The SENSE project is articulated in three Actions. Below is the description of the work performed within the project; refer to the technical report for more details.
Action 1: Product deployment and optimization: Hardware-in-the-loop Testing
An additional high-resolution screen, a new set of collimating lenses, and an optical camera have been procured and added to the EXTREMA single-line optical bench to test the performances of the double-optic sensor. The attached figures show the model of the experimental setup devised in the proposal, as well as the final optical facility assembled in the lab. The second optical line screen displays the scenario observed by the second optic. While the proposal recommends positioning the two optics at a 90 deg angle for optimal configuration, although this setup may not always be feasible due to operational constraints. Depending on the interplanetary trajectory covered by the probe, one or both optimal planets may not be visible due to their vicinity to the Sun or their low luminosity. To explore potential improvements, we conducted an additional preliminary study, analyzing the navigation algorithm performance with variations in the configuration angle and field of view (FoV) of the two optics. A universally optimal strategy or sensor configuration cannot be reached. Yet, proper tuning of the two-optic disposition angle must be performed during the mission design phase to achieve the best navigation performance.
Moreover, the navigation filter has been updated to consider measurements coming from both the camera optics to correct the spacecraft state estimate. Preliminary software simulation showed that over a 100-day leg on an Earth-Mars transfer, the accuracy in the probe state estimation increased by almost 50%. Successively, the image processing procedure and the navigation filter have been deployed on a miniaturized processor representative of a CubeSat onboard computer.
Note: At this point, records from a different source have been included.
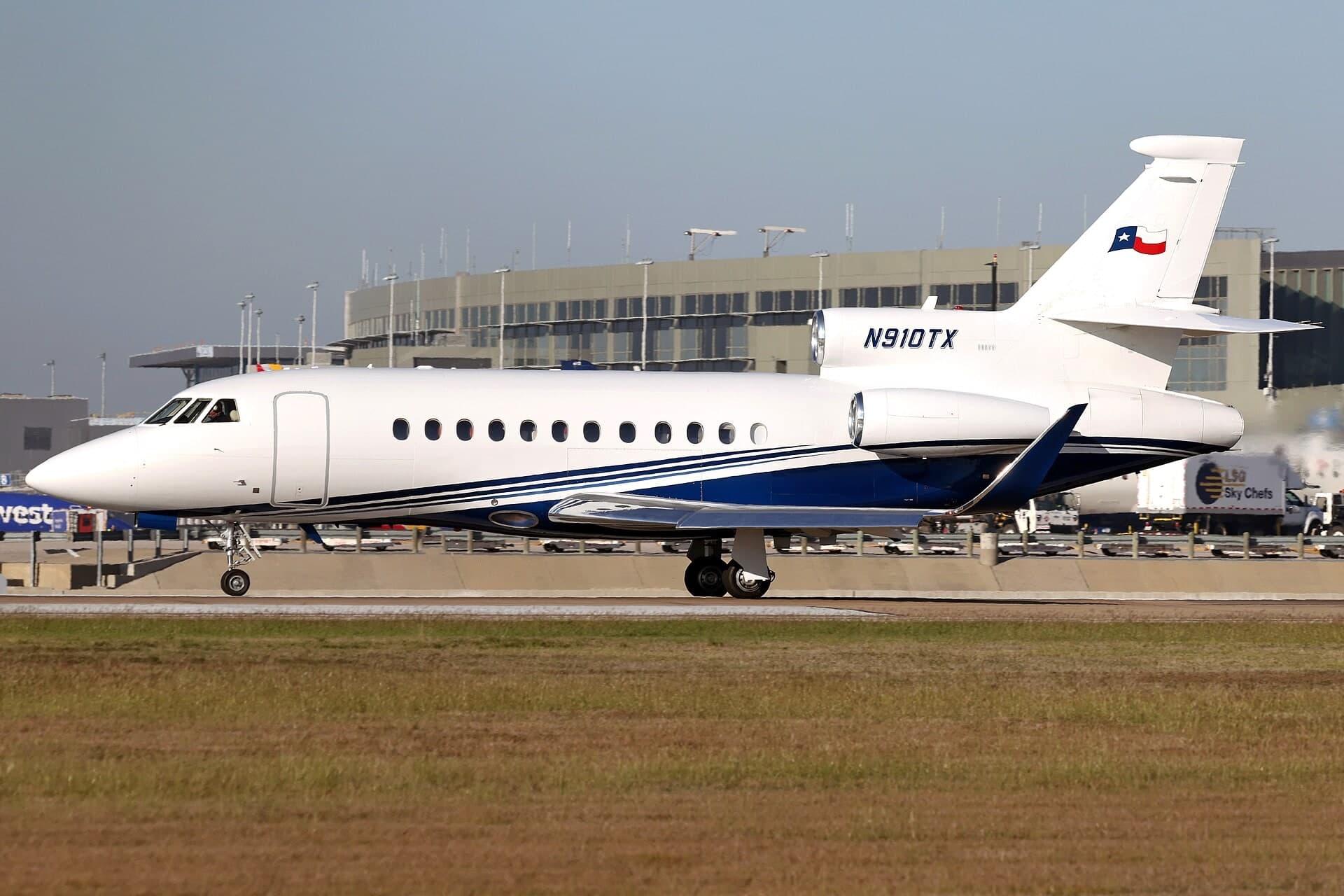 N910TX — Business jet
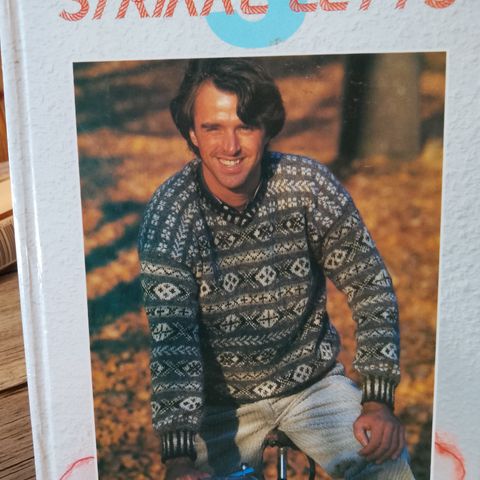 Strikke letts idebok nr 5.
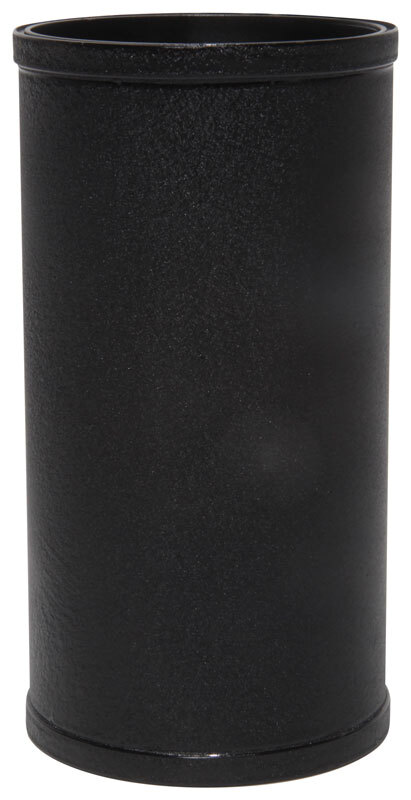 Spectre Tube Intake 3in od X 6inl - Black - 87181K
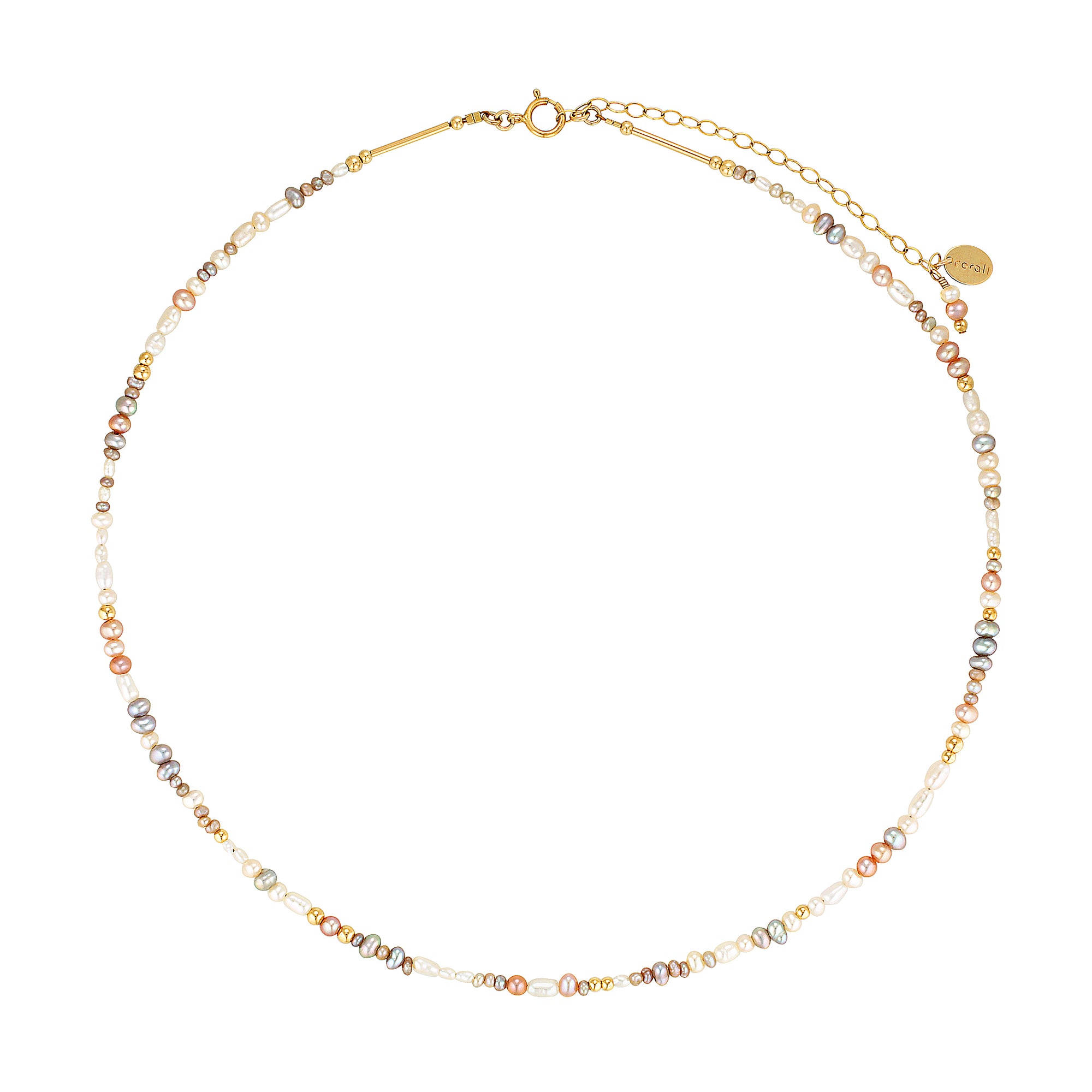 Rosa Necklace Pearl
Action 2: Validation – Autonomous Navigation Sensor Validation
The sensor validation has been performed step-by-step due to the additional complexity introduced by the presence of the hardware. As the first step, the image processing pipeline was tested by acquiring images from the optical bench and processing them on a Raspberry Pi. The test was successfully completed, validating the operability of the chosen procedure on a computationally limited computer. Subsequently, the navigation algorithm was assessed with only the optical facility in the loop. This analysis aimed to understand how the introduction of real optical errors in deep-space images would impact the performance. Finally, the navigation algorithm was deployed on a Raspberry Pi, and processor-in-the-loop simulations were performed. In this case, the images were not taken from the optical facility but were generated with a high-fidelity rendering engine. The Monte Carlo run obtained the same performance as the simulations run without the processor in the loop.
Action 3 – Exploitation and Knowledge Transfer: Market Assessment and Exploitation
This activity combined desk research aimed at outlining the knowledge landscape, the structure of the supply chain, and the market outlook of the small satellite domain and exercises/brainstorming sessions aimed at further reflecting on the value proposition of the sensor and its competitive advantages, inputs for re-examining the business proposition. For what concerns the market analysis, the outcomes were an overview of the sensor sector and market (its profile, dimension, and trend) and competitive intelligence analysis, including comparison tables to outline competitors and competitive solutions, the nanoSENSE attractiveness map, and its lean canvas.